La constatación de un vacío
Es común en los planes de estudio —o al menos así lo ha sido durante décadas— estudiar la historia de la filosofía con un enorme vacío en su interior. Se estudia la filosofía griega, por supuesto, donde se destacan las grandes aportaciones de Sócrates, Platón y Aristóteles; después, se habla de los neoplatónicos y de las diversas escuelas griegas (estoica, epicúrea…). Normalmente, de ahí se da el salto a los padres de la Iglesia, con el objetivo de estudiar la recepción cristiana de esta filosofía griega. El culmen de esta recepción se coloca en el platonismo de Agustín de Hipona, que suele acompañarse de la recepción aristotélica de Tomás de Aquino.
Pero entre uno y otro (entre Agustín y Tomás) hay casi un milenio. ¿Qué pasó entre medias? Y, sobre todo, ¿es que Agustín de Hipona no conocía a Aristóteles? ¿Por qué esa recepción tan tardía del filósofo griego? La razón es que los textos de Aristóteles no llegaron a Europa con los textos platónicos. Para que Tomás de Aquino pudiera recibir los textos de Aristóteles en el siglo XIII, estos tuvieron que viajar desde Grecia al sur de Turquía, y de ahí a Siria, donde entraron en contacto con el pueblo árabe y la cultura islámica. Fueron precisamente las traducciones árabes las que se tradujeron al latín en la península ibérica, traducciones que luego se diseminaron por toda Europa.
Esta peripecia literaria puede parecer una historieta anodina, un chisme anecdótico sin enjundia para nuestro propósito. Sin embargo, nada más lejos de la realidad. Este viaje de las obras griegas destaca una verdad fundamental: durante varios siglos, los grandes avances intelectual y filosóficos se dieron en los países árabes y al abrigo de la cultura musulmana. La pregunta que surge, entonces, es obvia: ¿cómo podemos no tener constancia de estos avances o de sus filósofos? ¿Cómo es posible que nombres como Ibn Hazm o Ibn Tufayl nos resulten mucho más lejanos que otros (como, precisamente, los de Agustín de Hipona y Tomás de Aquino)? Este artículo pretende saldar la deuda con uno de esos autores: Ibn Hazm.
Contrariamente a lo que muchos prejuicios —islamófobos— de nuestro tiempo nos podrían hacer pensar, la cultura musulmana ha sido históricamente (y en especial en el período que aquí nos ocupa) una cultura abierta al diálogo y al intercambio.
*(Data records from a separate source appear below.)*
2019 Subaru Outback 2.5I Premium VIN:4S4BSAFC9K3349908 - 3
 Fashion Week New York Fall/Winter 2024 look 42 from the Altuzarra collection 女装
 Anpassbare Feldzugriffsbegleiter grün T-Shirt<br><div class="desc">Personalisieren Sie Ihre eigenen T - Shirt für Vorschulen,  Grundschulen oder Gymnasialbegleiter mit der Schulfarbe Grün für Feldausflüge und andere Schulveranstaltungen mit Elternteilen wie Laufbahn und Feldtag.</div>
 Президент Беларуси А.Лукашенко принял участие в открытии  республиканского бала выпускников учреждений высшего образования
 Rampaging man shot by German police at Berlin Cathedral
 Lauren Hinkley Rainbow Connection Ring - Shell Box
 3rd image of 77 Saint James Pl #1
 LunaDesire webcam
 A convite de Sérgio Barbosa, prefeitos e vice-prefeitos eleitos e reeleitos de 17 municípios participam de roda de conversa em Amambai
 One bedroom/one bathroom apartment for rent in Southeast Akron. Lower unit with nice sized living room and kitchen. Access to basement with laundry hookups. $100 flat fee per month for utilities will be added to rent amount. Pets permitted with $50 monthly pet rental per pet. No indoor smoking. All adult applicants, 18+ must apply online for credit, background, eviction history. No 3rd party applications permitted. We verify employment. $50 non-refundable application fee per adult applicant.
Su pensamiento fue un pensamiento vivo, que reflexionaba desde una posición religiosa particular, sí, pero no por ello se anquilosaba en disputas metafísicas y teológicas (como sí ocurrió en la Europa cristiana del mismo período). En este sentido, al-Ándalus (en árabe clásico, الأندلس o الأَنْدَلُس) es un buen ejemplo de ello, sobre todo en su primer período, con su tolerancia al resto de religiones y su convivencia pacífica.
Entre Agustín de Hipona y Tomás de Aquino hay casi mil años en los que la filosofía discurrió, principalmente, por ciudades árabes como Bagdad, Córdoba o Teherán
Expansión islámica y primeros contactos filosóficos
La expansión musulmana comenzó en el año 635 de nuestra era. En su momento de máximo apogeo, los territorios conquistados abarcaban desde los Pirineos hasta la India, teniendo su punto central en Asia Occidental, especialmente en la península Arábiga. Dentro de todo este territorio, fue en Judea donde los árabes entraron en contacto con la cultura helénica y con los escritos de los principales filósofos de la Grecia clásica.
De todos estos filósofos, Aristóteles se convirtió rápidamente en el favorito de los pensadores musulmanes, de ahí que la recepción de las obras aristótelicas fuese más temprana y más rica en estos países que en la Europa cristiana. De todas su filosofía, fue la lógica aristotélica la parte que fue más aceptada (casi de inmediato), aunque más tarde se aceptó casi la totalidad de su filosofía (incluso obras que hoy sabemos que son apócrifas).
De entre todos los gobernantes musulmanes, es importante destacar al califa abbasí al-Mamún (813-833), que desempeñó un papel crucial en la traducción de las obras filosóficas de la Antigua Grecia, movilizando una cantidad enorme de recursos de su califato para ello. Esta importante labor cultural de traducción y reconocimiento de la filosofía helénica se dio en lo que se conoció como la Casa de la Sabiduría (en Bagdad, actual Irak), sentando uno de los principales focos de pensamiento de ese momento. A partir de esta explosión de traducciones, la cultura árabe experimentó un crecimiento intelectual y cultural similar al de la antigua Grecia, con propuestas novedosas y reinterpretaciones de la filosofía anterior.